--- EXCERPTED RECORDS ---
● ● ● ● ●

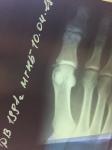 Перелом большого пальца ноги фото 1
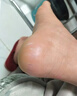 dyey凡士林马油手足皲裂膏护手霜冬季防干裂冻疮保湿滋润干裂膏50g 实拍图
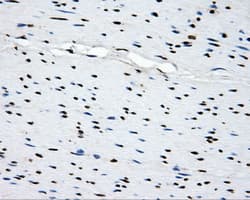 SORD / Sorbitol Dehydrogenase Antibody (clone OTI15H2)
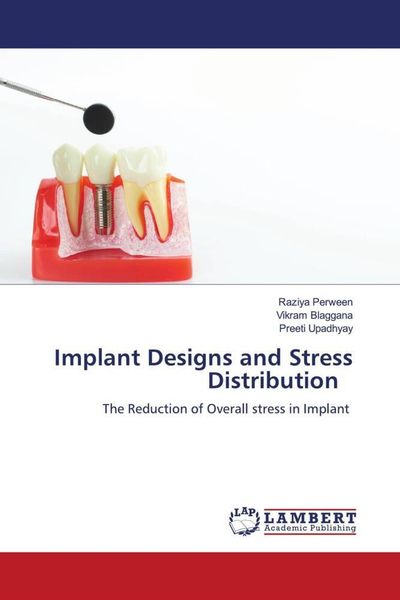 Produktbild: Implant Designs and Stress Distribution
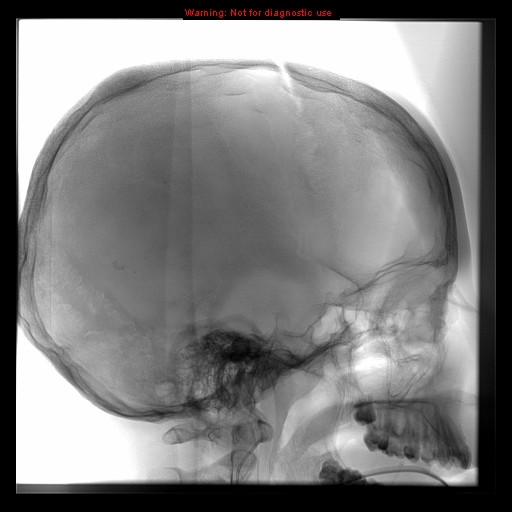 File:Neurofibromatosis type 2 (Radiopaedia 8953-9733 B 1).jpg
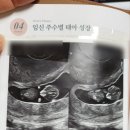 [임신일기] 9주차 초음파, 메디엘라산부인과, 디어원 산후조리원 프로그램, 마사지, 가격, 상담후기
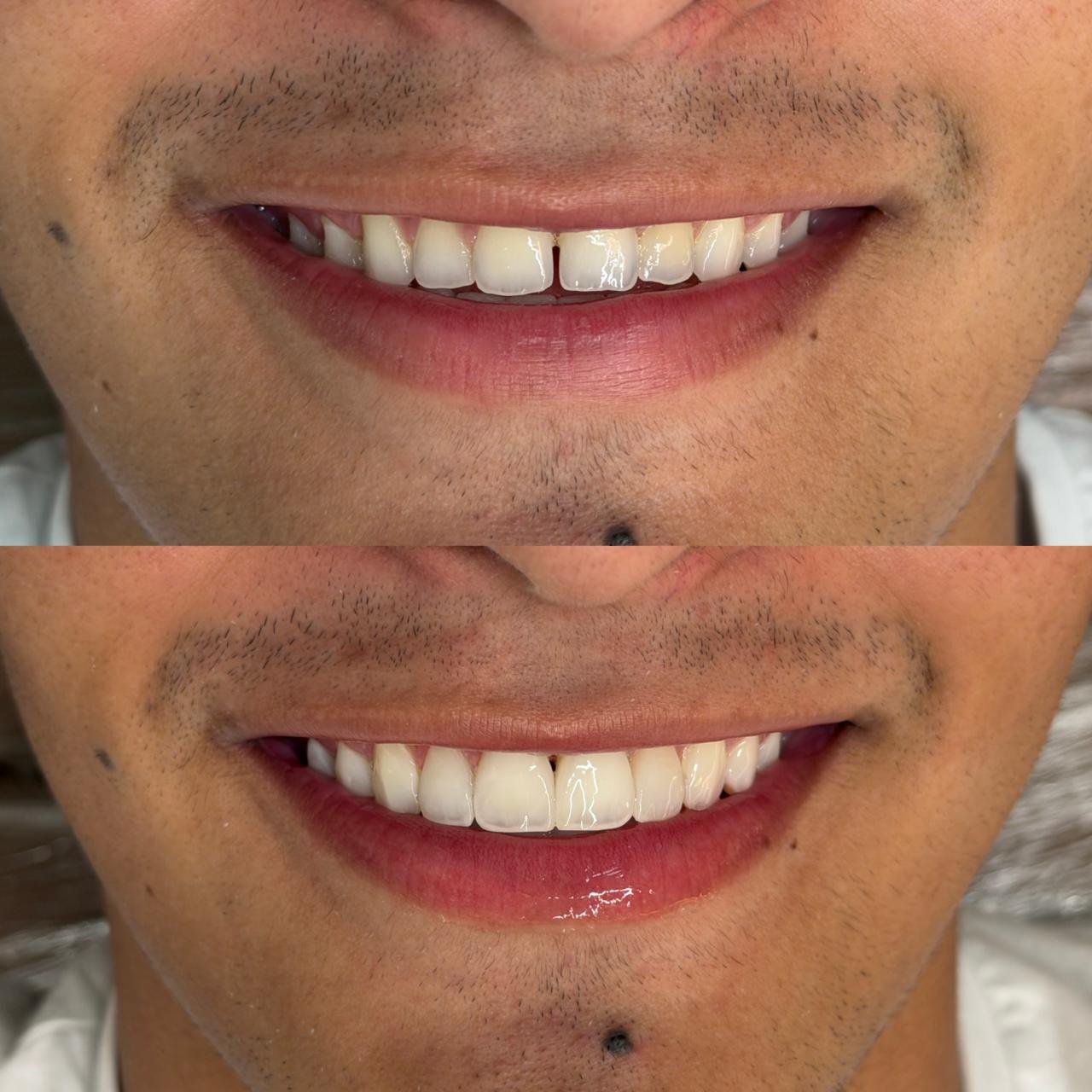 Projeto Bucalle 8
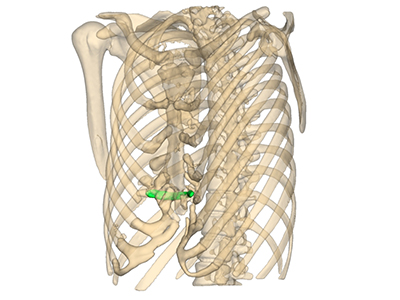 Reconstrucción 3D del tórax que muestra la ubicación de la malla de prolene, visto en 3/4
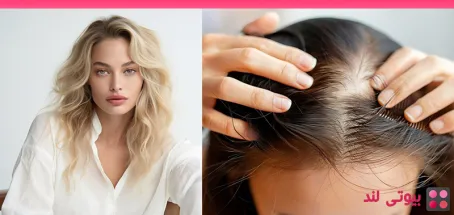 دلایل نازک شدن مو ها چیست؟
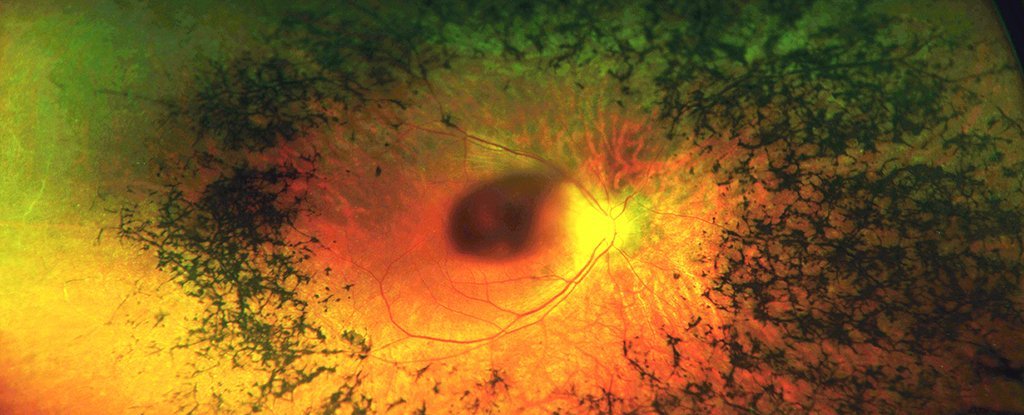 Damaged retina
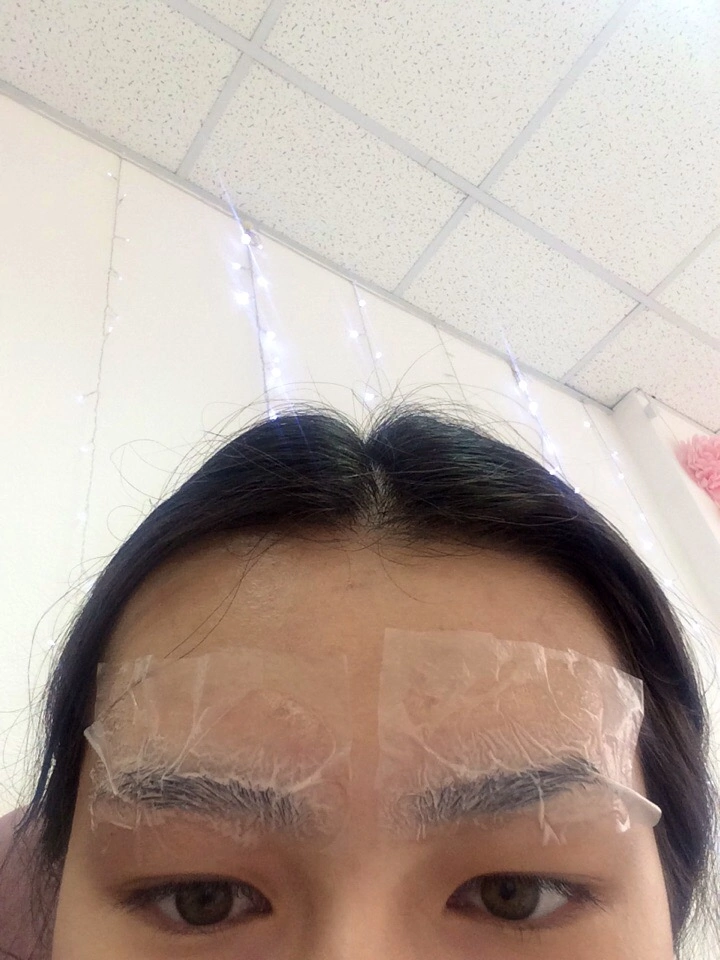 Перед процедурой, нанесли анестезию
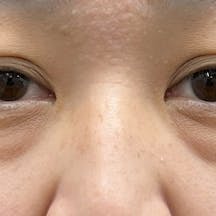 【女性・クマ】目の下の切らないクマ・たるみ(ふくらみ)取り ナチュラル脂肪注射コンデンスリッチ ナチュラル脂肪注射ナノリッチ_before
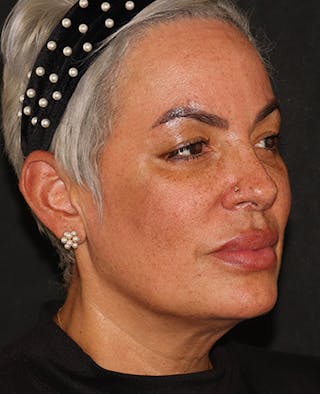 EMFACE Before & After Gallery - Patient 195867 - Image 4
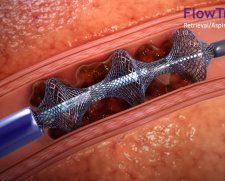 Inari Medical Inari Flowtriever | Used in Thrombectomy  | Which Medical Device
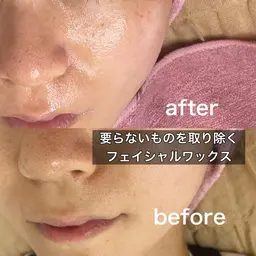 ツヤ、ピカ✨️内側から発光するお肌へ~美肌wax*お写真モデル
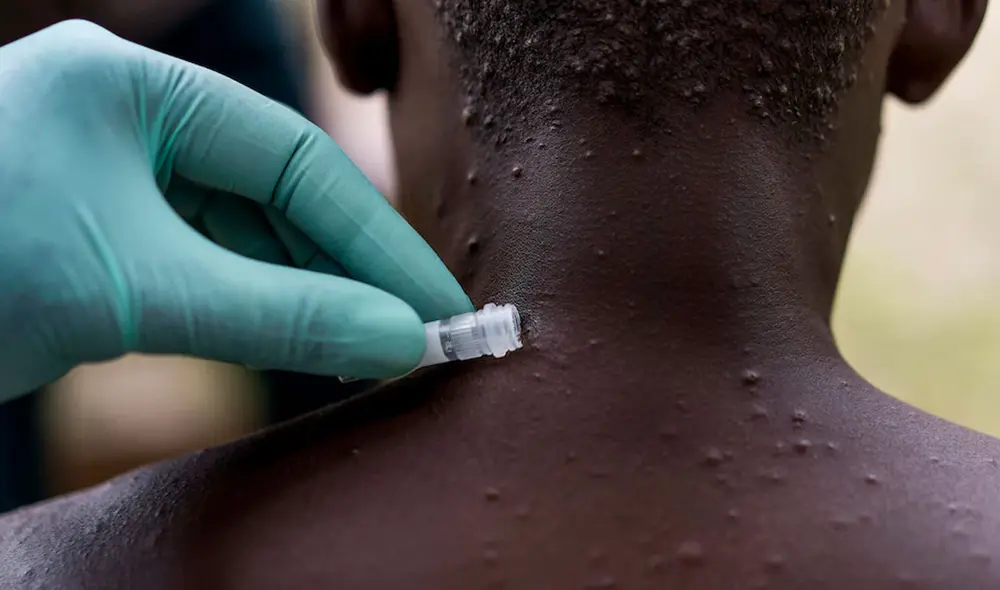 Personal de salud extrae muestra de lesión cutánea en un joven sospechoso de estar infectado con la viruela del mono. Foto: The Washington Post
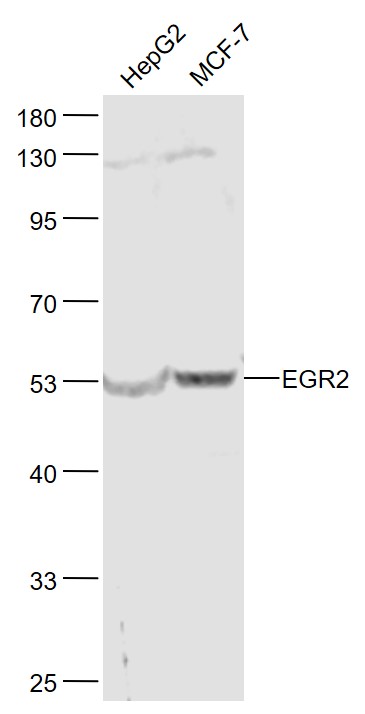 Lane 1: HepG2 cell lysates; Lane 2: MCF-7 cell lysates probed with EGR2 Polyclonal Antibody, Unconjugated (bs-8368R) at 1:1000 dilution and 4˚C overnight incubation. Followed by conjugated secondary antibody incubation at 1:20000 for 60 min at 37˚C.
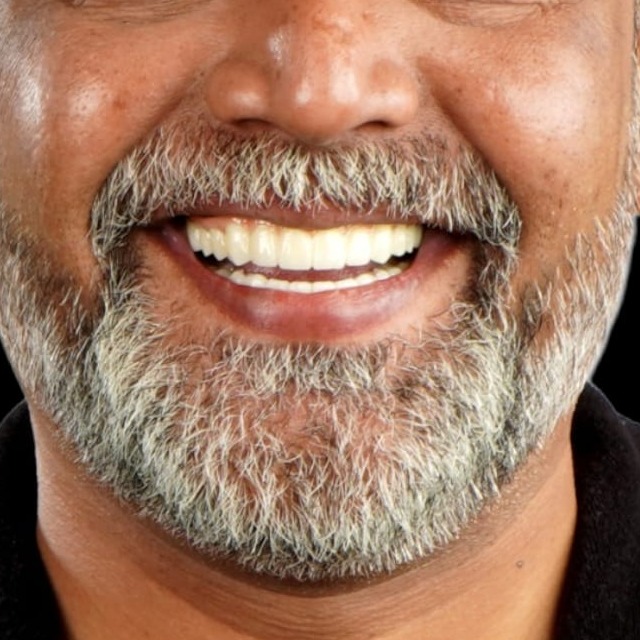Why Do Some Smile Makeovers Look Artificial?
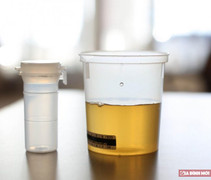 Người đàn ông mắc bệnh lạ, bác sĩ phải lọc nước tiểu để lấy tinh trùng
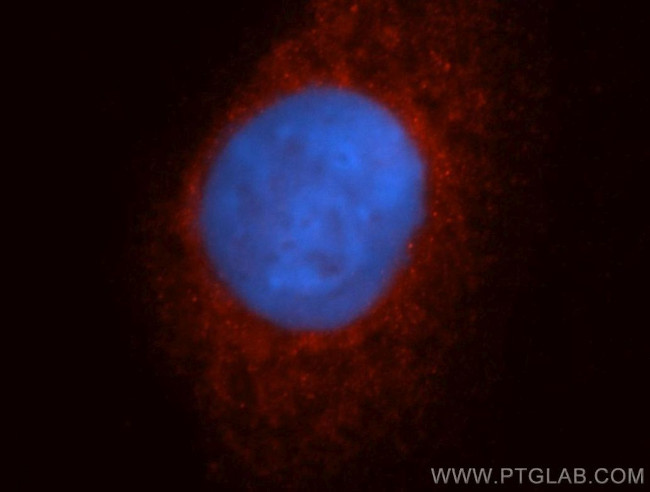 CYP17A1 Antibody in Immunocytochemistry (ICC/IF)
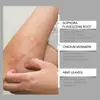 Crema para el Cuidado Corporal Houkea Alivia el Malestar de la Piel del Cuerpo Ingredientes Herbales Cuidado Suave Uso Externo Crema Nutritiva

● ● ● ● ●

--- WHAT IS EXPECTED ---
Would you retype all the lines shown above, exactly as written and without any picture?

--- EXERCISE OUTPUT ---
 Перелом большого пальца ноги фото 1
 dyey凡士林马油手足皲裂膏护手霜冬季防干裂冻疮保湿滋润干裂膏50g 实拍图
 SORD / Sorbitol Dehydrogenase Antibody (clone OTI15H2)
 Produktbild: Implant Designs and Stress Distribution
 File:Neurofibromatosis type 2 (Radiopaedia 8953-9733 B 1).jpg
 [임신일기] 9주차 초음파, 메디엘라산부인과, 디어원 산후조리원 프로그램, 마사지, 가격, 상담후기
 Projeto Bucalle 8
 Reconstrucción 3D del tórax que muestra la ubicación de la malla de prolene, visto en 3/4
 دلایل نازک شدن مو ها چیست؟
 Damaged retina
 Перед процедурой, нанесли анестезию
 【女性・クマ】目の下の切らないクマ・たるみ(ふくらみ)取り ナチュラル脂肪注射コンデンスリッチ ナチュラル脂肪注射ナノリッチ_before
 EMFACE Before & After Gallery - Patient 195867 - Image 4
 Inari Medical Inari Flowtriever | Used in Thrombectomy  | Which Medical Device
 ツヤ、ピカ✨️内側から発光するお肌へ~美肌wax*お写真モデル
 Personal de salud extrae muestra de lesión cutánea en un joven sospechoso de estar infectado con la viruela del mono. Foto: The Washington Post
 Lane 1: HepG2 cell lysates; Lane 2: MCF-7 cell lysates probed with EGR2 Polyclonal Antibody, Unconjugated (bs-8368R) at 1:1000 dilution and 4˚C overnight incubation. Followed by conjugated secondary antibody incubation at 1:20000 for 60 min at 37˚C.
Why Do Some Smile Makeovers Look Artificial?
 Người đàn ông mắc bệnh lạ, bác sĩ phải lọc nước tiểu để lấy tinh trùng
 CYP17A1 Antibody in Immunocytochemistry (ICC/IF)
 Crema para el Cuidado Corporal Houkea Alivia el Malestar de la Piel del Cuerpo Ingredientes Herbales Cuidado Suave Uso Externo Crema Nutritiva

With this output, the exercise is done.